ÅRABROT – Who Do You Love

Årabrot is a noise-rock/alternative  project created by Kjetil Nernes (songwriter, guitar and vocals) and Vidar Evensen (drums and visuals) in 2001. In 2013, the latter left and Årabrot continued as a one man band until recent addition of Stian Skagen (Electronics). Musically, the band cite Death in June, Melvins, Lee Hazlewood, The Birthday Party and Swans as their main sources of inspiration, but heavy The Smashing Pumpkins (Mellon Collie And The Infinite Sadness), Depeche Mode (Songs Of Faith And Devotion), Nine Inch Nails (The Downward Spiral), Marilyn Manson (Antichrist Superstar), David Bowie and Talking Heads influence is palpable throughout this ninth full length "Who Do You Love". 


Arabrot’s lyricism includes macabre renditions of classic works like the Bible and Dante’s Inferno and philosophical themes such as existentialism of Albert Camus and Jean-Paul Sartre; the surrealism of Georges Bataille and Comte de Lautréamont; the eroticism of Henry Miller and Marquis de Sade; the romantic writings of Samuel Taylor Coleridge, Edgar Allan Poe and Thomas de Quincey; mystic thinkers such as Aleister Crowley and Jorge Luis Borges, oppositionals like Federico García Lorca and the Norwegian contrarian Jens Bjørneboe. These sophisticated lyrics Kjetil Nernes deliverse in highly diverse vocalization which is just as Billy Corgan (The Smashing Pumpkins) as John Joseph "Rotten" Lydon,  (Sex Pistols) or David Bowie with David Byrne (Talking Heads) or Trent Raznor (Nine Inch Nails) with Marilyn Manson, or even borderline Aaron Stainthorpe (My Dying Bride).

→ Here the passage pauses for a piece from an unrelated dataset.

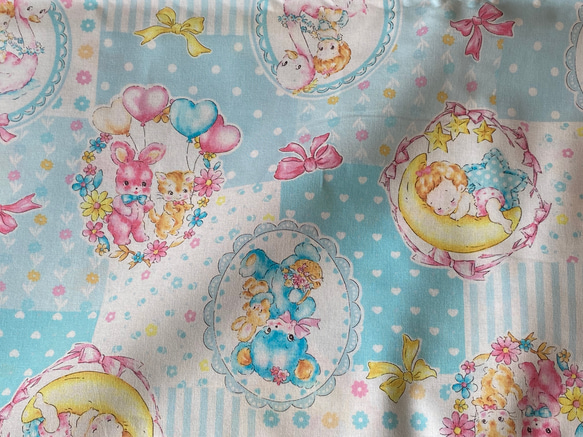 新入荷！『「Hello Baby!」 ドイリーパッチワーク　水色カラー』～50㎝単位でカット～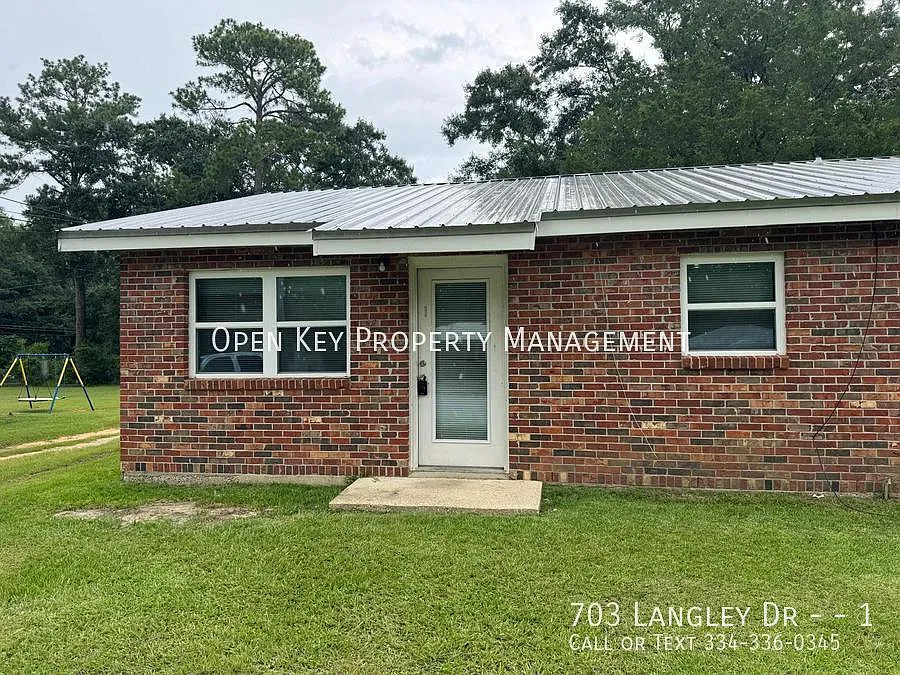 Building Photo - 703 Langley Dr #1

As was the case with Depeche Mode’s "Songs Of Faith And Devotion" the album seems to be fixed upon two pillars which are the strongest tracks on the record: "The Dome" and "Sinnerman". "The Dome" is heavily industrialized Marilyn Manson with excellent Depeche Mode keyboard melody and superbly varied vocals, and the Gospel-inspired "Sinnerman" prefaced by Mark 16:17-18 "And these signs will accompany those who believe: in my name they will cast out demons; they will speak in new tongues;  they will pick up serpents with their hands; and if they drink any deadly poison, it will not hurt them; they will lay their hands on the sick, and will recover" (ESV), the excerpt some Bible scholars now recognize as a possible fraudulent scribal addition to the text, is glorious both lyrically and musically, Ulver-like, citing Depeche Mode, with particularly spectacular vocals "I went to the Rock…don’t you see me praying…to the Lord, he said go to the Devil…I ran to the Devil, he was waiting", a highly dramatic piece with distinct evocative bass and drums. 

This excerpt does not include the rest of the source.